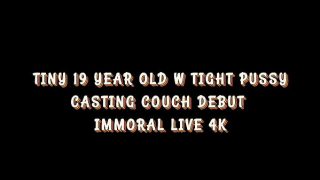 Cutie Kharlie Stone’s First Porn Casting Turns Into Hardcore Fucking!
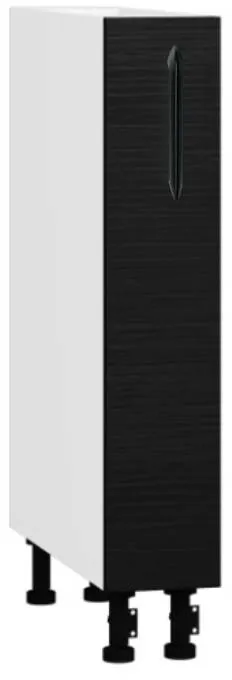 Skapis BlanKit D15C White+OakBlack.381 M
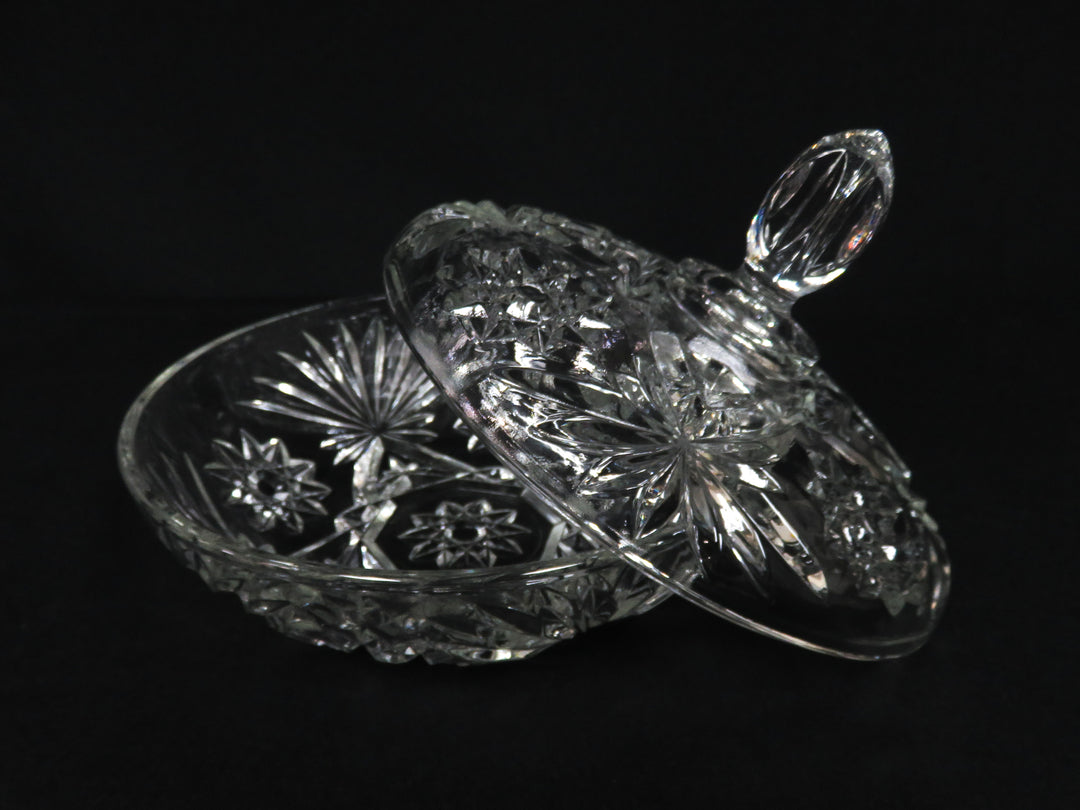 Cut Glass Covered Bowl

• Problem to solve
Everything from the line containing "Skapis BlanKit D15C White+OakBlack.381 M" to the last line of the listing above must be reproduced exactly, with no pictures included.

• Reply
 Skapis BlanKit D15C White+OakBlack.381 M
 Cut Glass Covered Bowl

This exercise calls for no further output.